Pyongyang Tipping Point
by Marcus Noland, Peterson Institute for International Economics
Op-ed in the Wall Street Journal
April 12, 2010
© Wall Street Journal
North Korea likes to project an image of strength to the world. But back home, there is a serious economic crisis playing out that could have long-term repercussions. Historians may look back and see this as a tipping point.
The crisis originated in November, when the government sprang upon the public a confiscatory currency reform that wiped out household saving and the working capital of traders and entrepreneurs. The value of the North Korean won predictably plunged as people abandoned it for foreign currencies and even physical goods—anything that could preserve value. The second shoe dropped a month later when the state extended its war on privately held capital, banning the use of foreign currencies.
The government's intent was to reconstitute orthodox communism. Earlier in August, North Korean leader Kim Jong-il's sister, Kim Kyong Hui, telegraphed the move in an essay extolling the superiority of central planning over the decentralized market—even trashing the notion of giving enterprise managers greater autonomy in the context of a socialist economy. The regime's basic motive—to crush the market and strengthen direct state control—was confirmed by central bank statements immediately after the reform.
But the policy, which was supposed to constitute the political coming out of expected heir Kim Jong-un, Kim Jong-il's third and youngest son, unleashed extraordinary, though sporadic, protests. The government backtracked, allowed markets to reopen and in February issued an unprecedented apology. Park Nam-ki, a 77-year-old technocrat who upon becoming the Party's economics chief allegedly vowed to end the "capitalist fantasy," was scapegoated and reportedly executed.
Once broken, the economy may prove difficult to repair. Prices for goods such as rice, corn, and the dollar rose 6,000 percent or more after the reform. And while prices have come down from their peak as the government has relaxed some of its strictures, they are currently still 600 percent or more above their prereform levels—in spite of the money-supply contraction.
The United Nations' Food and Agriculture Organization reports that the country is more than one million metric tons short of grain. This estimate is likely exaggerated due to faulty methodology, but anecdotal reports of hunger are emerging from returning visitors and refugee networks.

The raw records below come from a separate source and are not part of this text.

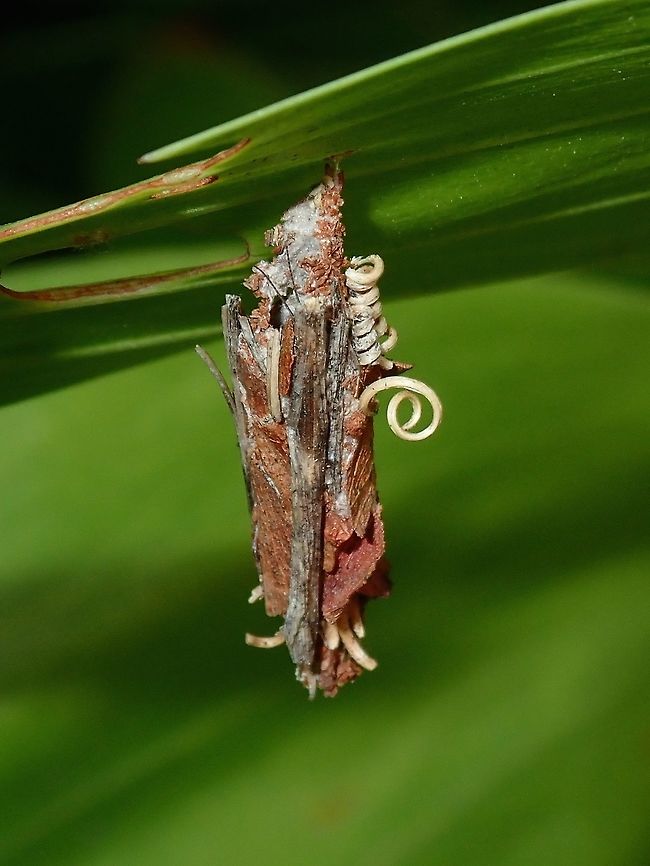Bagworm - Psychidae This is among the 3 type/shape of Bagworm I found around the neighbourhood.<br />
This one is around 3 cm and has even collected the 'coils' of a climber plant, giving it more definition. Bagworm,Kuala Lumpur,Larva,Malaysia,Psychidae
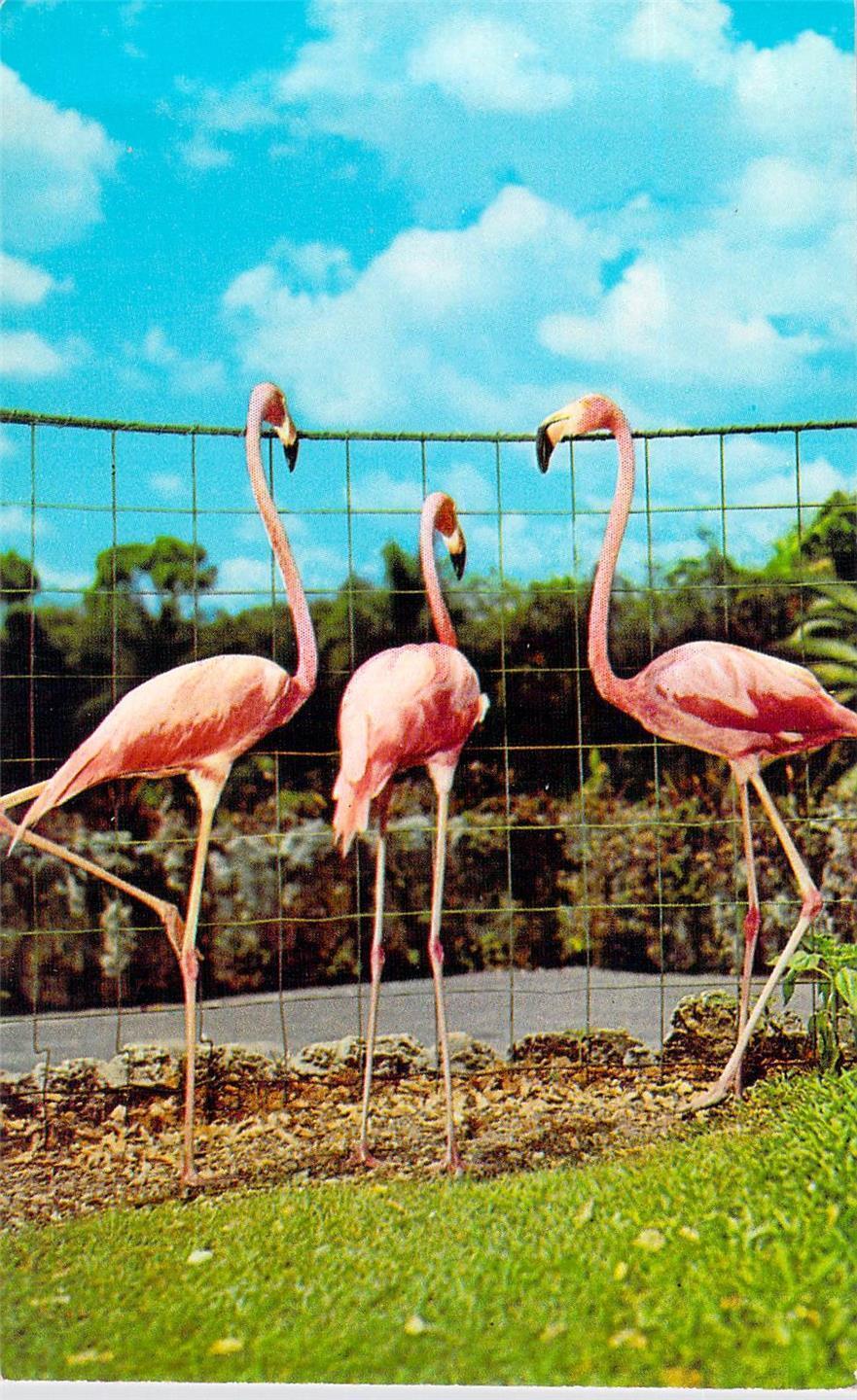 1960\'s Florida\'s Graceful PINK Flamingos Natural color Unused Postcard 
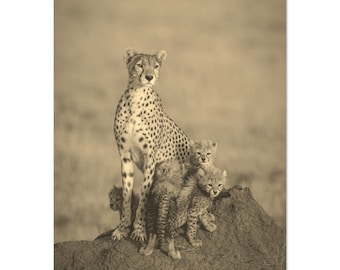 Vintage Serengeti Cheetah Family Sepia Photo Print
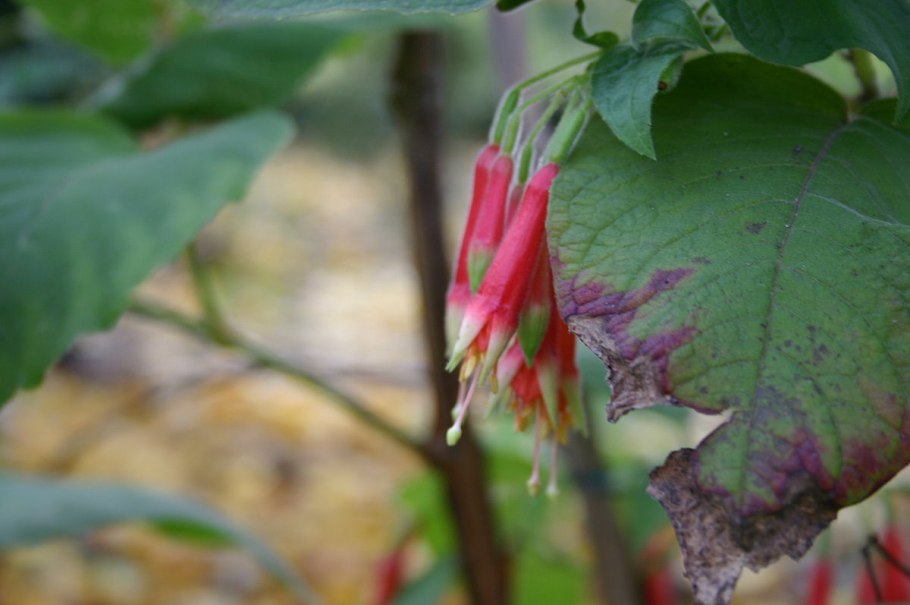 Fuchsia arborescens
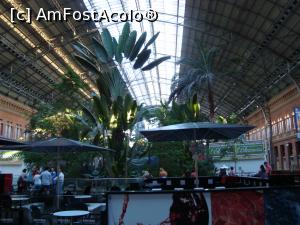 [P72] Madrid -gara Atocha de unde am luat trenul spre Toledo » foto by mireille
 - 
<span class="allrVoted glyphicon glyphicon-heart hidden" id="av731280"></span>
<a class="m-l-10 hidden" id="sv731280" onclick="voting_Foto_DelVot(,731280,2242)" role="button">șterge vot <span class="glyphicon glyphicon-remove"></span></a>
<a id="v9731280" class=" c-red"  onclick="voting_Foto_SetVot(731280)" role="button"><span class="glyphicon glyphicon-heart-empty"></span> <b>LIKE</b> = Votează poza</a> <img class="hidden"  id="f731280W9" src="/imagini/loader.gif" border="0" /><span class="AjErrMes hidden" id="e731280ErM"></span>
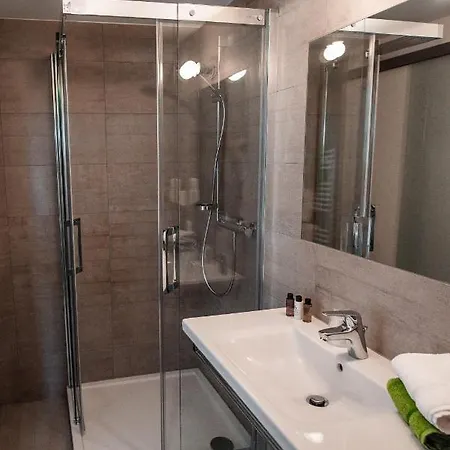 فندق Freyhof فرايبرغ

It appears the government persuaded farmers in cooperatives to accept cash in lieu of half of their annual in-kind grain allotment—then rendered the bonus worthless via the currency reform. Farmers are now hoarding grain however they can: The United Nations Development Program reports that post-harvest losses amount to 30 percent. The farm economy has been severely disrupted. But unlike the 1990s famine, which was largely an urban phenomenon and killed perhaps a million people, hunger is now reported in the countryside.
The state's response to these developments has not been reassuring. After Mr. Park was executed, he was replaced by an octogenarian, Yun Gi Jeong, known primarily as a confidante of North Korea's founder, Kim Il-sung. The political police have been bureaucratically elevated and placed directly under the National Defense Commission, from where Kim Jong-il runs the state. This is not the behavior of a confident or competent government.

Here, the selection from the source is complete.